A reminder of the goal:
Make your home life better. For two weeks make a special effort to strengthen your relationship with a family member by showing love through your actions. Refrain from judging, criticizing, or speaking unkindly, and watch for positive qualities in that family member. Write notes of encouragement, pray for this family member, find ways to be helpful, and verbally express your love. Share your experiences and the divine qualities you’ve discovered with that family member or with a parent or leader.I know, the blog has been Lizzy-heavy lately. I need to sit down and talk about Emma a lot.
But this post is all about Lizzy, and here's my report.
With the added effort, my home life is better. I'm trying to avoid criticism - correcting actions rather than the person. Face it: a mother must redirect a 4-year old; but speaking unkindly is definitely out... or it should be.
Lizzy is full of positive qualities. She wants to please. She is good at identifying patterns and trends. She is loving, forgiving, logical, and fairly reasonable for her age. These are qualities that will mature.
She has strong will. She holds to what she believes and focuses on whatever may be her goal or objective. As a parent, I try to redirect her from some objectives - like brownies, movies, teasing, or things that are not part of the current agenda; but once she begins to have goals like a college education, marriage in the temple, relationship with her savior, sports, music, or whatever she will love... that tenacity will prove a great strength.

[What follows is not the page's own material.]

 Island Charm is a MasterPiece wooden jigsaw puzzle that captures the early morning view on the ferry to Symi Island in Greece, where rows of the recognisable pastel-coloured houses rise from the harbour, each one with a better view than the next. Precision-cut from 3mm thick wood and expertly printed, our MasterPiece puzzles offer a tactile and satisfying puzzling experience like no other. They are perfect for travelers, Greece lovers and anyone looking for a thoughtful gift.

Last week I was at a medical lab with the girls for some routine blood work for my pregnancy.
We had to wait an hour for the full glucose test to run its course.
Lizzy and Emma were both very good - partly, I think, because I'd been working on this goal for nearly 2 weeks.
My tones are nicer and they are responding better. Lizzy is, I think, more confident in my approval because I've focused on expressing it. It also applies to Emma.
Then, in the little booth at the end when the lab tech was preparing to draw blood, there was another tech there having a conversation. I was trying to direct and verbally control them from my seat when the tech commented, "this is why I don't have kids."
I tried to not let her comment annoy me, but focused on directing the girls who were good and did as I asked... talking and engaging them... reassuring that we were nearly done.
I made a face at the stick of the needle, and Lizzy, wanting to reassure and comfort me, said, "I love you Mommy."
This made me happy, and of course, made both the techs smile. I couldn't resist the comment: "That's why I have kids."
This is not to indicate that I've had total success. I have still lost my temper and behaved badly.
This is my finding though: the blame for any problems with my Lizzy relationship is my blame. I am usually the one to fine fault, to lose patience, or to try to dominate.
Sure, she isn't a mature adult... but what can I expect? she is 4.
She is a terrific 4-year-old.
I love my girl and I'm grateful to learn to be better.